## Work item:
Give back every entry, exactly as written.
-- Opening Marker --
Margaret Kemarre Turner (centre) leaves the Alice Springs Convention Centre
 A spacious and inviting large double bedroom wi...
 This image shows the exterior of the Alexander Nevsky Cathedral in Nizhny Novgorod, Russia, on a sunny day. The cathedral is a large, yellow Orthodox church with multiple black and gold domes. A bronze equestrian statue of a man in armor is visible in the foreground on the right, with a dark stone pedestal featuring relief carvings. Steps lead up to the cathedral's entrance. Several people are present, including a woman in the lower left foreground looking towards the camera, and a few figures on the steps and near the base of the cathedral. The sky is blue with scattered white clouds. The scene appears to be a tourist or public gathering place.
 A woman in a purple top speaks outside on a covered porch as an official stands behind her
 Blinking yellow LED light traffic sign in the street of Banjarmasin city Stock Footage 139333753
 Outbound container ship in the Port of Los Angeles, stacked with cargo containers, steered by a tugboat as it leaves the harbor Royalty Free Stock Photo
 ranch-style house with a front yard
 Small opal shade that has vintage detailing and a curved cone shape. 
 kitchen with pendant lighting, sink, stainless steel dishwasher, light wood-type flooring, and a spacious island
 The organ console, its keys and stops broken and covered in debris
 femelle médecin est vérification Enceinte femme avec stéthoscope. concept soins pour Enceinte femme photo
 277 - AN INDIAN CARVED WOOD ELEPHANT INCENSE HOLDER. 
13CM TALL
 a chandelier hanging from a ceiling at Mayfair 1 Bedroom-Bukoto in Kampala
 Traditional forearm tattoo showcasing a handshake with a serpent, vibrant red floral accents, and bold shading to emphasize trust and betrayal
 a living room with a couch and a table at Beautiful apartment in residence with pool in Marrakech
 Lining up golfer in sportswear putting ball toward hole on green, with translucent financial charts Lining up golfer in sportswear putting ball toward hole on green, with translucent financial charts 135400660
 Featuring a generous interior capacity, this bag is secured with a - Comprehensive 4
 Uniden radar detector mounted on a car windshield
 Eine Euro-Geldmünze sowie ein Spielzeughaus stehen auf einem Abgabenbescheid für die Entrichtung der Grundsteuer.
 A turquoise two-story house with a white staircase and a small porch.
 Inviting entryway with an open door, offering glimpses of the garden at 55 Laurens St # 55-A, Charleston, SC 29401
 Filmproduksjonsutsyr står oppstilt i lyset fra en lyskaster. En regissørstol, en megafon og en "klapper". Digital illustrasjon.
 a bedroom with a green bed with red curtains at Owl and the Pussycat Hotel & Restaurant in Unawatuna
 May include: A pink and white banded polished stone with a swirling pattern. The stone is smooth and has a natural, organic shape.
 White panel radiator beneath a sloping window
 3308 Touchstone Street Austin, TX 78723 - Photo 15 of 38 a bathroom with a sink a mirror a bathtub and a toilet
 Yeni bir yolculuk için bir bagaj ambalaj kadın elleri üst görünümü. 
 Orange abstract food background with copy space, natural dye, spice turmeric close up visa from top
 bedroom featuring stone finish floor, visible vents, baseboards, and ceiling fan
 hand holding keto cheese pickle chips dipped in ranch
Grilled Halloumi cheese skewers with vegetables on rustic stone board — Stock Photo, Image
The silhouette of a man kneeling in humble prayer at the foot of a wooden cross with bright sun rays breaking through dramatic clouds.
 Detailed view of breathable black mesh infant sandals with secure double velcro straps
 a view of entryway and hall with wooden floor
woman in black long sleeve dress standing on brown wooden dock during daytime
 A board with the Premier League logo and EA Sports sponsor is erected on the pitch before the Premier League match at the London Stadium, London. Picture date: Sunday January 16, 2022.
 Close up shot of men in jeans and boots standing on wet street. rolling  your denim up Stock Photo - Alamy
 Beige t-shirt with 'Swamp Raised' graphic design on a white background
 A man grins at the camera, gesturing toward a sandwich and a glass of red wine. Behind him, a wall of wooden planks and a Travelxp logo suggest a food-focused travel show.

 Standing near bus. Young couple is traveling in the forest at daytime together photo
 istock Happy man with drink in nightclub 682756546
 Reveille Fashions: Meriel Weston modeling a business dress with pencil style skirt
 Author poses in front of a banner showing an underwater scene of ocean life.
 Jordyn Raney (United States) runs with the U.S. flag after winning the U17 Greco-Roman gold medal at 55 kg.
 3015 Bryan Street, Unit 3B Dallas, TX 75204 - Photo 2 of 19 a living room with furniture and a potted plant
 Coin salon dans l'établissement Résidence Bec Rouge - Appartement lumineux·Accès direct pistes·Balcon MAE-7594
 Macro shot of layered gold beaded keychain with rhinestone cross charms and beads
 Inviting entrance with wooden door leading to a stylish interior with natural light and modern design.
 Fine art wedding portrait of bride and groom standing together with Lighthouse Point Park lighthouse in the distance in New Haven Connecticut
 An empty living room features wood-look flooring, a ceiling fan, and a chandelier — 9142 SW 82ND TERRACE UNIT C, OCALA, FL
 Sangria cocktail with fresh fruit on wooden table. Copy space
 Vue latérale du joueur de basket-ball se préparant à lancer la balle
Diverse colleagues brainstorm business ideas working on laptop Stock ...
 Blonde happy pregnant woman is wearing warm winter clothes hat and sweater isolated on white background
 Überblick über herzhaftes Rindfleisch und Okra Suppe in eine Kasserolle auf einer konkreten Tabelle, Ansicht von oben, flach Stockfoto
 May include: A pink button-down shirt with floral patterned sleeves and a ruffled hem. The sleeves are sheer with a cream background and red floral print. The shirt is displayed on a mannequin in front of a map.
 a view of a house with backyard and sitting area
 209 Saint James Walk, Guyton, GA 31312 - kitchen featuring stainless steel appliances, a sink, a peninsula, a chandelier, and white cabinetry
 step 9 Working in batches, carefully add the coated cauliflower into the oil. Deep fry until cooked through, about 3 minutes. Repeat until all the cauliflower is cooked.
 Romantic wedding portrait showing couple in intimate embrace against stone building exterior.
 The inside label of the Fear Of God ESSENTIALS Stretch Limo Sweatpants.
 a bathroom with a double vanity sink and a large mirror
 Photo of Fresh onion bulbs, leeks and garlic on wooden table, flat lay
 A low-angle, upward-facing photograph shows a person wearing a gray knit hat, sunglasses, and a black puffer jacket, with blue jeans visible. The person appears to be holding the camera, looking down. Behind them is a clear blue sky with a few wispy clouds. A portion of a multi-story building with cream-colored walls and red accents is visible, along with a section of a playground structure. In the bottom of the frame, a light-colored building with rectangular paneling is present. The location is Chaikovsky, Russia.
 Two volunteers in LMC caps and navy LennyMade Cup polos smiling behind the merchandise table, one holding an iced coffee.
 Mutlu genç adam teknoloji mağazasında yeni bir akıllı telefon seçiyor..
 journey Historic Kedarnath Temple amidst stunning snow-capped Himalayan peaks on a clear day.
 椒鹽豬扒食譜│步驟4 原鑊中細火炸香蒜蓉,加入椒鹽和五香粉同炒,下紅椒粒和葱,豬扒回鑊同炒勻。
-- Closing Marker --
## Solution to this problem:
Margaret Kemarre Turner (centre) leaves the Alice Springs Convention Centre
 A spacious and inviting large double bedroom wi...
 This image shows the exterior of the Alexander Nevsky Cathedral in Nizhny Novgorod, Russia, on a sunny day. The cathedral is a large, yellow Orthodox church with multiple black and gold domes. A bronze equestrian statue of a man in armor is visible in the foreground on the right, with a dark stone pedestal featuring relief carvings. Steps lead up to the cathedral's entrance. Several people are present, including a woman in the lower left foreground looking towards the camera, and a few figures on the steps and near the base of the cathedral. The sky is blue with scattered white clouds. The scene appears to be a tourist or public gathering place.
 A woman in a purple top speaks outside on a covered porch as an official stands behind her
 Blinking yellow LED light traffic sign in the street of Banjarmasin city Stock Footage 139333753
 Outbound container ship in the Port of Los Angeles, stacked with cargo containers, steered by a tugboat as it leaves the harbor Royalty Free Stock Photo
 ranch-style house with a front yard
 Small opal shade that has vintage detailing and a curved cone shape. 
 kitchen with pendant lighting, sink, stainless steel dishwasher, light wood-type flooring, and a spacious island
 The organ console, its keys and stops broken and covered in debris
 femelle médecin est vérification Enceinte femme avec stéthoscope. concept soins pour Enceinte femme photo
 277 - AN INDIAN CARVED WOOD ELEPHANT INCENSE HOLDER. 
13CM TALL
 a chandelier hanging from a ceiling at Mayfair 1 Bedroom-Bukoto in Kampala
 Traditional forearm tattoo showcasing a handshake with a serpent, vibrant red floral accents, and bold shading to emphasize trust and betrayal
 a living room with a couch and a table at Beautiful apartment in residence with pool in Marrakech
 Lining up golfer in sportswear putting ball toward hole on green, with translucent financial charts Lining up golfer in sportswear putting ball toward hole on green, with translucent financial charts 135400660
 Featuring a generous interior capacity, this bag is secured with a - Comprehensive 4
 Uniden radar detector mounted on a car windshield
 Eine Euro-Geldmünze sowie ein Spielzeughaus stehen auf einem Abgabenbescheid für die Entrichtung der Grundsteuer.
 A turquoise two-story house with a white staircase and a small porch.
 Inviting entryway with an open door, offering glimpses of the garden at 55 Laurens St # 55-A, Charleston, SC 29401
 Filmproduksjonsutsyr står oppstilt i lyset fra en lyskaster. En regissørstol, en megafon og en "klapper". Digital illustrasjon.
 a bedroom with a green bed with red curtains at Owl and the Pussycat Hotel & Restaurant in Unawatuna
 May include: A pink and white banded polished stone with a swirling pattern. The stone is smooth and has a natural, organic shape.
 White panel radiator beneath a sloping window
 3308 Touchstone Street Austin, TX 78723 - Photo 15 of 38 a bathroom with a sink a mirror a bathtub and a toilet
 Yeni bir yolculuk için bir bagaj ambalaj kadın elleri üst görünümü. 
 Orange abstract food background with copy space, natural dye, spice turmeric close up visa from top
 bedroom featuring stone finish floor, visible vents, baseboards, and ceiling fan
 hand holding keto cheese pickle chips dipped in ranch
Grilled Halloumi cheese skewers with vegetables on rustic stone board — Stock Photo, Image
The silhouette of a man kneeling in humble prayer at the foot of a wooden cross with bright sun rays breaking through dramatic clouds.
 Detailed view of breathable black mesh infant sandals with secure double velcro straps
 a view of entryway and hall with wooden floor
woman in black long sleeve dress standing on brown wooden dock during daytime
 A board with the Premier League logo and EA Sports sponsor is erected on the pitch before the Premier League match at the London Stadium, London. Picture date: Sunday January 16, 2022.
 Close up shot of men in jeans and boots standing on wet street. rolling  your denim up Stock Photo - Alamy
 Beige t-shirt with 'Swamp Raised' graphic design on a white background
 A man grins at the camera, gesturing toward a sandwich and a glass of red wine. Behind him, a wall of wooden planks and a Travelxp logo suggest a food-focused travel show.

 Standing near bus. Young couple is traveling in the forest at daytime together photo
 istock Happy man with drink in nightclub 682756546
 Reveille Fashions: Meriel Weston modeling a business dress with pencil style skirt
 Author poses in front of a banner showing an underwater scene of ocean life.
 Jordyn Raney (United States) runs with the U.S. flag after winning the U17 Greco-Roman gold medal at 55 kg.
 3015 Bryan Street, Unit 3B Dallas, TX 75204 - Photo 2 of 19 a living room with furniture and a potted plant
 Coin salon dans l'établissement Résidence Bec Rouge - Appartement lumineux·Accès direct pistes·Balcon MAE-7594
 Macro shot of layered gold beaded keychain with rhinestone cross charms and beads
 Inviting entrance with wooden door leading to a stylish interior with natural light and modern design.
 Fine art wedding portrait of bride and groom standing together with Lighthouse Point Park lighthouse in the distance in New Haven Connecticut
 An empty living room features wood-look flooring, a ceiling fan, and a chandelier — 9142 SW 82ND TERRACE UNIT C, OCALA, FL
 Sangria cocktail with fresh fruit on wooden table. Copy space
 Vue latérale du joueur de basket-ball se préparant à lancer la balle
Diverse colleagues brainstorm business ideas working on laptop Stock ...
 Blonde happy pregnant woman is wearing warm winter clothes hat and sweater isolated on white background
 Überblick über herzhaftes Rindfleisch und Okra Suppe in eine Kasserolle auf einer konkreten Tabelle, Ansicht von oben, flach Stockfoto
 May include: A pink button-down shirt with floral patterned sleeves and a ruffled hem. The sleeves are sheer with a cream background and red floral print. The shirt is displayed on a mannequin in front of a map.
 a view of a house with backyard and sitting area
 209 Saint James Walk, Guyton, GA 31312 - kitchen featuring stainless steel appliances, a sink, a peninsula, a chandelier, and white cabinetry
 step 9 Working in batches, carefully add the coated cauliflower into the oil. Deep fry until cooked through, about 3 minutes. Repeat until all the cauliflower is cooked.
 Romantic wedding portrait showing couple in intimate embrace against stone building exterior.
 The inside label of the Fear Of God ESSENTIALS Stretch Limo Sweatpants.
 a bathroom with a double vanity sink and a large mirror
 Photo of Fresh onion bulbs, leeks and garlic on wooden table, flat lay
 A low-angle, upward-facing photograph shows a person wearing a gray knit hat, sunglasses, and a black puffer jacket, with blue jeans visible. The person appears to be holding the camera, looking down. Behind them is a clear blue sky with a few wispy clouds. A portion of a multi-story building with cream-colored walls and red accents is visible, along with a section of a playground structure. In the bottom of the frame, a light-colored building with rectangular paneling is present. The location is Chaikovsky, Russia.
 Two volunteers in LMC caps and navy LennyMade Cup polos smiling behind the merchandise table, one holding an iced coffee.
 Mutlu genç adam teknoloji mağazasında yeni bir akıllı telefon seçiyor..
 journey Historic Kedarnath Temple amidst stunning snow-capped Himalayan peaks on a clear day.
 椒鹽豬扒食譜│步驟4 原鑊中細火炸香蒜蓉,加入椒鹽和五香粉同炒,下紅椒粒和葱,豬扒回鑊同炒勻。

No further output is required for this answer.